Leaving Cambodia

I wrote this four years ago and have had it sitting in my draft pile ever since. I never released it immediately because it seemed like an episode from a past life once I was back in Australia, off the road and back on the corporate ladder. I’ve returned and left Cambodia again since writing it, but it seems like a waste to let it continue gathering virtual dust.

My motodop carrying my pack across the Vietnamese border at Xa Xia. He refused to let me carry it.

[dropcap]T[/dropcap]his is partly prompted by Our Man in Hanoi (subsequently, in Newcastle)’s recollection of his final drive out of Hanoi. I previously wrote about crossing the border from Cambodia to Phu Quoc in Vietnam purely mechanically because I felt that I had to write something, but didn’t know what. It was not easy to leave: life was comfortable in the Phnom Penh expat bubble and I felt like I was doing work that that I had never dreamed existed. People had started paying me for something that I otherwise did for free. On some days I hated the place with a burning passion and remembered that my first words upon looking down at Honda Dreams kicking up dust along a dirt track on the descent into Pochentong Airport were “what the fuck am I doing here?”.

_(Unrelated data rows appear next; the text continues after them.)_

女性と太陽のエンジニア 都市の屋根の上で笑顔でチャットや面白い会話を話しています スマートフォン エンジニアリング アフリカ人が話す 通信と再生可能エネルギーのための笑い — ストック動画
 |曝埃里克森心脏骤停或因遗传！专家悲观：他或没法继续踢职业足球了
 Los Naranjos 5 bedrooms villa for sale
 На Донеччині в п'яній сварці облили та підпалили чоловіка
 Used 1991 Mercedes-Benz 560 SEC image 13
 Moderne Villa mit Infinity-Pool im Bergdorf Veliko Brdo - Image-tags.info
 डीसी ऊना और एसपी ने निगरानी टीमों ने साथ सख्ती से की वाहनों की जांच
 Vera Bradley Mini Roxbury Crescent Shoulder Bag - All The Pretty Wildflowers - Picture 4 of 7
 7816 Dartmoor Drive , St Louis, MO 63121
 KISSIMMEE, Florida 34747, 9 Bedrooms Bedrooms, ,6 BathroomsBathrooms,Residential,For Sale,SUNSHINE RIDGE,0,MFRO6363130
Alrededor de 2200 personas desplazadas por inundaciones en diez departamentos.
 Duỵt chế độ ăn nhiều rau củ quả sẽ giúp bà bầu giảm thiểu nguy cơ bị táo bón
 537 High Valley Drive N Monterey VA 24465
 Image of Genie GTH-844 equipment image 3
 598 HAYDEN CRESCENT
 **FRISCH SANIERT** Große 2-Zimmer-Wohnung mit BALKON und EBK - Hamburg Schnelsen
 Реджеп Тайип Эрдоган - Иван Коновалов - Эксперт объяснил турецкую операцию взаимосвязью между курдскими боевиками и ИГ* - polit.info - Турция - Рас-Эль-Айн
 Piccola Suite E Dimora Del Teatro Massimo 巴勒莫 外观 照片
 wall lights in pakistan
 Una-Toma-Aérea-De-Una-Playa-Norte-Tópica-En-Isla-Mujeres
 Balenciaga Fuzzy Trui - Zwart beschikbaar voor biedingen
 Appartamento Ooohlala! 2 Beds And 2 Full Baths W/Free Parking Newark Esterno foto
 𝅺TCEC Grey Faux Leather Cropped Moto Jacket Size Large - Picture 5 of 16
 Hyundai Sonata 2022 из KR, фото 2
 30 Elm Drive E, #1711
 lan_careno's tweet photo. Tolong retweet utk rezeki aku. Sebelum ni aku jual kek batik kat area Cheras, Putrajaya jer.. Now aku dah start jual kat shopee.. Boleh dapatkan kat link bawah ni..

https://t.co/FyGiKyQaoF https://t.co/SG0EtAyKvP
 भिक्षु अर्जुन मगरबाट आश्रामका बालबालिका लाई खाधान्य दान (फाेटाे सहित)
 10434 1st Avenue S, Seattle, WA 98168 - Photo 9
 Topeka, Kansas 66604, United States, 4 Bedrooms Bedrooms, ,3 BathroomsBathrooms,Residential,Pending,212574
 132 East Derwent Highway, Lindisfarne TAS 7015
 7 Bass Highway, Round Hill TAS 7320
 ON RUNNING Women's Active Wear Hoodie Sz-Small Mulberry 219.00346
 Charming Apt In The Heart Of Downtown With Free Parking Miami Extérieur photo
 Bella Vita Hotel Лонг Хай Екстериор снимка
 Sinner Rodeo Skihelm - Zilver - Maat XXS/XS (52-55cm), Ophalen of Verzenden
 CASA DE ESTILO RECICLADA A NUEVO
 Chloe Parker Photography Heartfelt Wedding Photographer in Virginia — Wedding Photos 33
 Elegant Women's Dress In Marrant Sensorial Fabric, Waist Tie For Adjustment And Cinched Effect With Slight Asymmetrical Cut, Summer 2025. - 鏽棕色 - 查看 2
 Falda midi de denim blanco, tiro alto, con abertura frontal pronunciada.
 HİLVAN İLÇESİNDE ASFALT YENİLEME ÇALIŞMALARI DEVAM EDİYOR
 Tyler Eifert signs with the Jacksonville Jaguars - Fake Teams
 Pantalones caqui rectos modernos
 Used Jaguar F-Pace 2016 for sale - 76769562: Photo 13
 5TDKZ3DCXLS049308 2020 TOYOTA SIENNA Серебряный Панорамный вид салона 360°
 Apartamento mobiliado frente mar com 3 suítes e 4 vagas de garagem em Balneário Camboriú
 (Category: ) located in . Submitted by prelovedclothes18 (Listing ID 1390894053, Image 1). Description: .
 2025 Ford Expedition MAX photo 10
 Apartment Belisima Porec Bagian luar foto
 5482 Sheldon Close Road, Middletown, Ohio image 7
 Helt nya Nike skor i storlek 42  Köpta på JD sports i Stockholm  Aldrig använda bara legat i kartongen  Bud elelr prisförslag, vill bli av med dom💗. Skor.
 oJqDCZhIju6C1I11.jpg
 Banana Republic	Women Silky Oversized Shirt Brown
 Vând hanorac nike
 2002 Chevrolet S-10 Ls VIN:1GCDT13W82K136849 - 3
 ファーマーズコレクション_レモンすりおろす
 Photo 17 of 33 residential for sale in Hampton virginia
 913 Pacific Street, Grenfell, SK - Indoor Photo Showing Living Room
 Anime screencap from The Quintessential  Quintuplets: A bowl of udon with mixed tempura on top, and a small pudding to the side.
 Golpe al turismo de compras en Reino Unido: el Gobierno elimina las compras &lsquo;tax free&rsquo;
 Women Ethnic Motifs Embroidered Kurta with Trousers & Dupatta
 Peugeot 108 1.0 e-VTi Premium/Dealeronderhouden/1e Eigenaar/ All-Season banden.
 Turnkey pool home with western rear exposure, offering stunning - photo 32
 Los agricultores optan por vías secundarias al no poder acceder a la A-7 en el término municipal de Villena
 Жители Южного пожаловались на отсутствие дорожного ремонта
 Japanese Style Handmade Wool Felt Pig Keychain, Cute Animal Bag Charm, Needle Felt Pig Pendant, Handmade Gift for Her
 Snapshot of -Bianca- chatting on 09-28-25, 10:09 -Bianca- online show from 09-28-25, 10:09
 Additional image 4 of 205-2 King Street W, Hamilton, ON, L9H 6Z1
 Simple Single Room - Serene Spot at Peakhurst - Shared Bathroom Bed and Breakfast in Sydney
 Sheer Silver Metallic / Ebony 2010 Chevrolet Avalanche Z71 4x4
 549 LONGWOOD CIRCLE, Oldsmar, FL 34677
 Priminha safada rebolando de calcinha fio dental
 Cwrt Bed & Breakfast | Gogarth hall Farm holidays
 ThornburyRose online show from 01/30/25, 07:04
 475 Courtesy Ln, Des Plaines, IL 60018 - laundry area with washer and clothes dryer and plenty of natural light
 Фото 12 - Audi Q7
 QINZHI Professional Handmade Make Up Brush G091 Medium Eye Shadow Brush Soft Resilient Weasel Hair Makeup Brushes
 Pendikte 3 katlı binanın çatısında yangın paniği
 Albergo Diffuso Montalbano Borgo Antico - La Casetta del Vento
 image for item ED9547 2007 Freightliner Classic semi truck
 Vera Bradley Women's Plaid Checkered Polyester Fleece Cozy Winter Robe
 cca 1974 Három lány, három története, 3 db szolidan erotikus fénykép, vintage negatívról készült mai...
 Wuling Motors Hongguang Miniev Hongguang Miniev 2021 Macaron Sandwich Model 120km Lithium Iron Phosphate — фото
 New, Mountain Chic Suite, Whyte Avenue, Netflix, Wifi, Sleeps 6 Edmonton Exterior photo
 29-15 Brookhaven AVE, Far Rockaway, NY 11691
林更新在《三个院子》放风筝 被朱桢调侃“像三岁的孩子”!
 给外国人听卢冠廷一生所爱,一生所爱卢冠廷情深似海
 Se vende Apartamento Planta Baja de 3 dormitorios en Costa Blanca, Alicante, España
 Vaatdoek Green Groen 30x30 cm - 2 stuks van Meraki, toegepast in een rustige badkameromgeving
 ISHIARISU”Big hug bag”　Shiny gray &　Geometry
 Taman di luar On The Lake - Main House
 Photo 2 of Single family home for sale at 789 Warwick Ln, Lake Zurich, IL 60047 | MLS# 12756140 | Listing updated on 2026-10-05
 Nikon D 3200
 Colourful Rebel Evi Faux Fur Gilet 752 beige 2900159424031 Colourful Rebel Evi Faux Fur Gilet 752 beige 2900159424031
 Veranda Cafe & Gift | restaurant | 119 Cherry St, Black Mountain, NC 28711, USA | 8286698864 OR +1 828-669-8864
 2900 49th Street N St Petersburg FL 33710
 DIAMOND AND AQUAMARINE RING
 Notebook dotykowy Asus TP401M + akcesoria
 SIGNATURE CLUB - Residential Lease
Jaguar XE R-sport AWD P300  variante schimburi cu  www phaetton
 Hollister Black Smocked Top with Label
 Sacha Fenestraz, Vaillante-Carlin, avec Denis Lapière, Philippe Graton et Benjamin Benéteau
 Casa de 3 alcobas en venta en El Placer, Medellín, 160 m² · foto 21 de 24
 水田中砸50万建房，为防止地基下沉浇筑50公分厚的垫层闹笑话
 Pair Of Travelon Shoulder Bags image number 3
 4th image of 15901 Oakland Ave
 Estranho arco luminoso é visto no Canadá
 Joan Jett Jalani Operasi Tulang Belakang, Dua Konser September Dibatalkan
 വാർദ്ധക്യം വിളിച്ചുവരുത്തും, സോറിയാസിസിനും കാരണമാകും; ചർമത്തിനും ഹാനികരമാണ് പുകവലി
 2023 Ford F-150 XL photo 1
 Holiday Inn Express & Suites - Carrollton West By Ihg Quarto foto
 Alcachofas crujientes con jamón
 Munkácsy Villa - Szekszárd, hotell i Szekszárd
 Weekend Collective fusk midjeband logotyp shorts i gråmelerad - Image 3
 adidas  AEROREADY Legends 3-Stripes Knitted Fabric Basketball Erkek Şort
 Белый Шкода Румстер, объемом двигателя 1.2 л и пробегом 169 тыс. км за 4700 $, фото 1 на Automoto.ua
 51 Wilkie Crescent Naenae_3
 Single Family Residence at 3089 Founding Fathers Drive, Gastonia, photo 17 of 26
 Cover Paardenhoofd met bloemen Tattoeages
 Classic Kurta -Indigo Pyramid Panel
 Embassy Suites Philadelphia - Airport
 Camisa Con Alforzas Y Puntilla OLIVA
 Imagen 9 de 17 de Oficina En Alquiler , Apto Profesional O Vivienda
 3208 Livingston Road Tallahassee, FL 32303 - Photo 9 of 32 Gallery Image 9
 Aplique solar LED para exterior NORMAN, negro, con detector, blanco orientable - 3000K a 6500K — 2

Kep is one of my favourite destinations in the world because it has no obvious attractions. The beach is absent compared to Sihanoukville; the crab at the literally named Psar Kdaam (“Crab Market”) pales in comparison to picking up a few live mud crab at Phnom Penh’s central market and then gently steaming them at home; the architecture reflects the glory of an annihilated era. The weather is clement and there is little else to do than lie in a hammock, stare at the jungle as it envelopes the senescent seaside villas, sip on the local trash pilsener and reiterate to yourself how lucky you are to be there. The opportunity for this to be the final imprint of Cambodia in my memory could not be passed up once I discovered that the nearby border into Vietnam had been opened to foreigners.

After an evening of villa-staring, pilsners and reiteration, my inamorata and I hailed a tuk tuk for 8:00am. The corrugated trail out to the border winds through salt flats, dormant for the wet season and lurid rice fields in full display. In the morning light, the paddies seem an impossibly fecund argument in favour of subsistence living. Kids run out and scream unjaded hello like they do everywhere in Cambodia or stare hungry and glassy-eyed from their palm-frond hovels, World Vision brochure-ready.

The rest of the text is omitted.